Business Component (or component): Business component when deployment unit which provides business value and has a single global context. It can have uniquely addressable endpoints to which other components can interact to exchange data.

Service: Service is a business component providing one-or-more end-points to other components who are not end users.

Application: Application is a business component providing value directly to business user by handling it requests and responses. An application can additionally also perform the role of a service and hence exposes endpoints to other business components to interact with it. Also, an application can be used by cross-business-component utilities like monitoring, search, load-balancers, as well which we would refer as supporting functions.

A business system, logically, consists of one or more business components. In order to provide value to its consumers they internally leverage (interact with) other business components. But reusing other business components also makes it dependent on it. Hence, a looser coupling, between consumer and provider components, is much desirable. This coupling is really two-fold. Firstly, the subsequent deliveries of provider to production, is dependent on the version of consumer running in production. Then at runtime, the consumer requires the provider to be available to perform any dependent function. Here we would look at an architecture which reduces these couplings significantly.

Most people in software developer very soon gather the fact that loose coupling is a good idea. But inspite of that we do see quite coupled business components. What are common reasons for which this coupling is created.

Database based integration

Sometimes two business components interact with each other via an integration database. The business components interact with each other by reading/writing data from/to this shared database. Any change needed to the underlying schema or semantics of data stored for one component implies possible effect on other components as well. Through careful coordination or governance such cascading affects can be avoided, but the coupling can be significant drag on the development even then.
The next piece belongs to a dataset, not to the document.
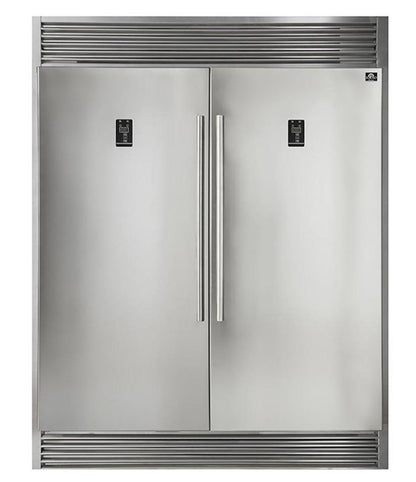 FORNO Appliance Package - 48 Inch Gas Burner/Electric Oven Pro Range, Wall Mount Range Hood, Refrigerator, AP-FFSGS6187-48-4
Most often development teams just avoid making changes to shared data, which leads to sub-optimal database design and duplications.

Services as remote methods

The selling point of technologies like RMI, SOAP, CORBA was that accessing remote objects is as simple as invoking methods in local memory. While designing systems without understanding the implications of network call one downside, it is not the only one. Thinking of services as remote method implies that we do not think any differently about the contract between client and services.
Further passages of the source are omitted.